Shimizu depicted Kitty as a young female “gijinka,” which is an anthropomorphization of a cat. Originally designed to appeal to young children, Hello Kitty’s aesthetic was intentionally kept simple and drawn in primary colors. She is illustrated without a mouth, wearing a blue jumper over a red top and her signature red bow on her left ear.
Yuko Yamaguchi, Hello Kitty’s third designer, who eventually became the character’s main designer, explained in an interview with TIME magazine that Hello Kitty has no mouth so “people who look at her can project their own feelings onto her face.”
“Kitty looks happy when people are happy,” she said. “She looks sad when they are sad. For this psychological reason, we thought she shouldn’t be tied to any emotion.” 
Yamaguchi also revealed that at the time of Kitty’s creation, Japanese girls were fascinated with Britain. Having Kitty be born in London also differentiated her from other Sanrio characters, which were described as being from the U.S.

Commercial juggernaut

Hello Kitty first appeared on coin purses for young girls in 1975, according to The New Economy. With a design that perfectly captured the “kawaii” (Japanese cute culture) segment of Japan’s pop culture at the time, Hello Kitty became a local and international phenomenon by the mid-’80s.
“Throughout the 80s and 90s, Hello Kitty was very kawaii and played a huge part in the growth of kawaii in Japan,” Sanrio Senior Marketing Manager Martina Longueira was quoted as saying. “Hello Kitty was really able to resonate with the concept of cuteness and femininity”.
Sanrio then began selling handbags and other items marketed to adult women in the ’90s, further expanding its base, according to the Independent. By the end of the decade, Hello Kitty was the country’s top-grossing character.
University of Hawaii Anthropology Professor and Hello Kitty expert Christine Yano said Hello Kitty had an immediate impact on Asian Americans when the character was launched in the U.S.
“When Hello Kitty arrived in the U.S. in the mid-1970s, it was a commodity mainly in Asian enclaves: Chinatowns, Japantowns, etc.,” Yano told the LA Times. “In talking to Japanese Americans who grew up in the 1970s, they say, ‘That figure means so much to us because she was ours.’ It’s something they saw as an identity marker.”
According to Yano, Sanrio eventually penetrated American popular culture after celebrities such as Mariah Carey and Cameron Diaz began associating themselves with the character.

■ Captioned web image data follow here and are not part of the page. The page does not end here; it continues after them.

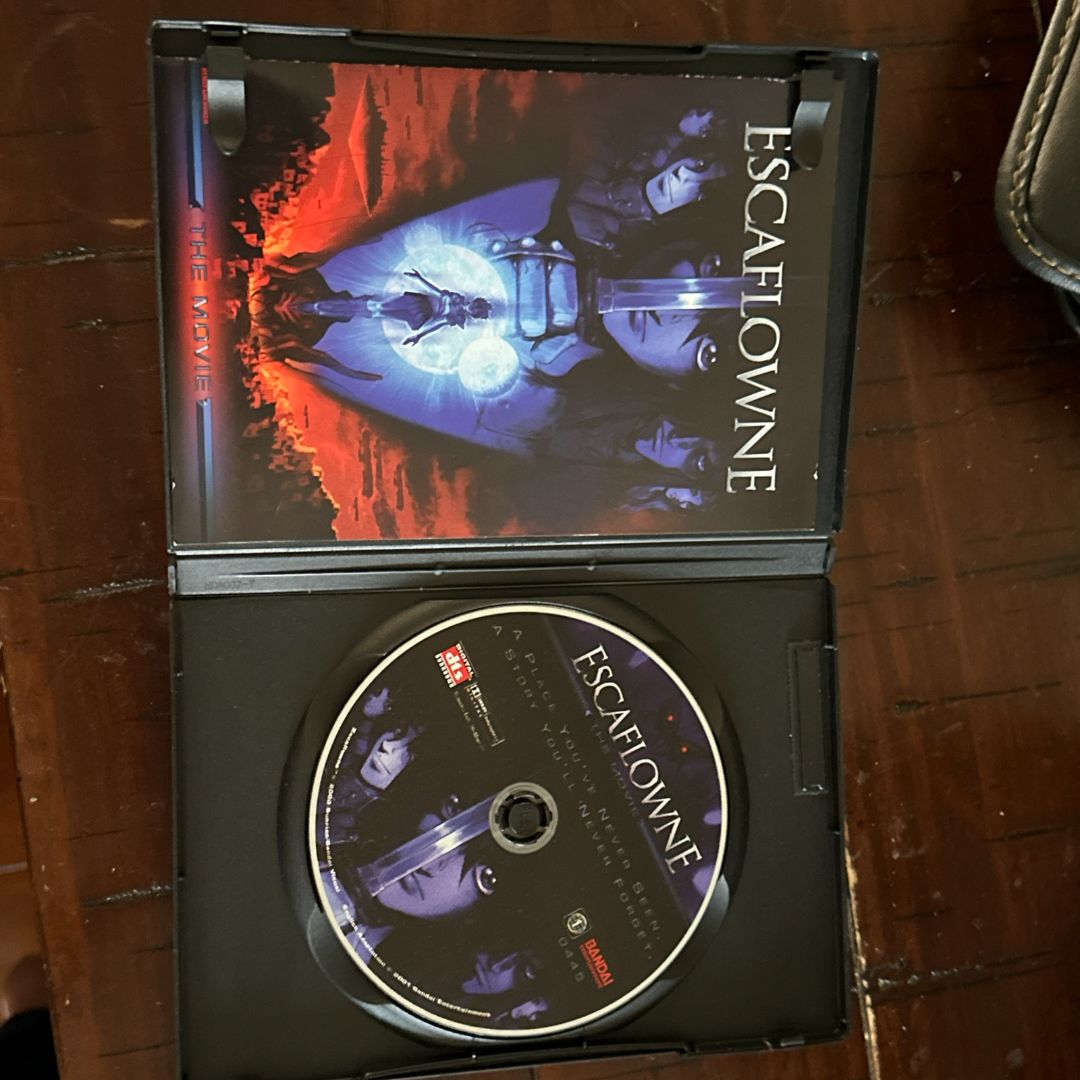Escaflowne DVD Anime
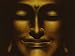 Buddha by Gandhara . ART PRINT Canvas Rolled. 32.00 inches width by 24.00 inches height. Highest Quality Art Poster Print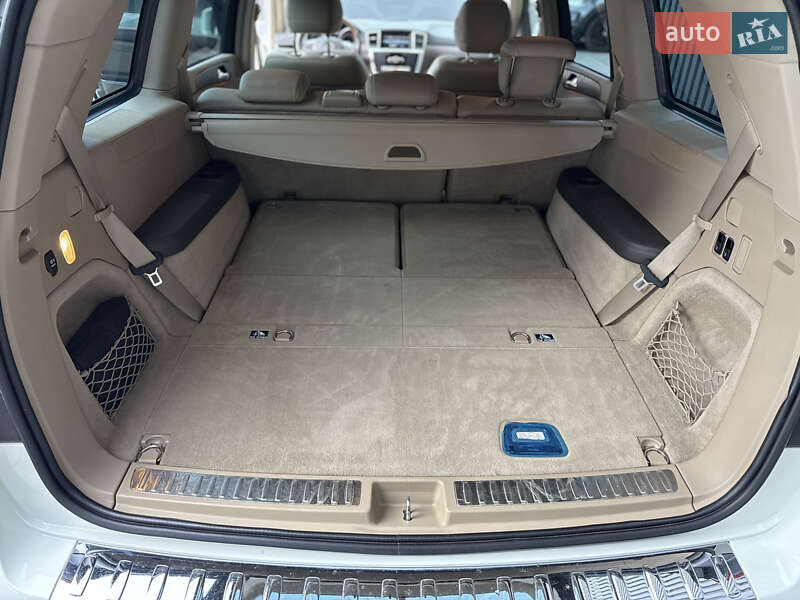 Внедорожник / Кроссовер Mercedes-Benz GL-Class 2013 в Киеве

“It went from an Asian-American niche market to a much broader market, so that by the 90s Hello Kitty was fairly widespread and distributed to department stores,” Yano told The New Economy.
Hello Kitty’s skyrocketing popularity resulted in officially licensed cartoons, books and video games about the character. Kitty also became the star attraction in theme parks Sanrio established in Japan in the early ‘90s.
The lasting appeal of the character’s simple yet adorable aesthetic has continued to help Sanrio earn billions of dollars in revenue.
Yano, who wrote the academic paper “Pink Globalization: Hello Kitty’s Trek across the Pacific,” shared in an earlier interview with The Harvard Gazette that Hello Kitty’s success can be attributed to its “very clever, aesthetically pleasing design, which a lot can be read into.”
Today, Hello Kitty’s likeness can be seen on thousands of products, ranging from mass market items like toys and plushies to high-end collectible products such as jewelry and household appliances. Last year alone, Sanrio is estimated to have made $273.5 million in global earnings.
At the young age of 47 years old, there seems to be no sign of slowing down for this 5-apple-tall girl from London.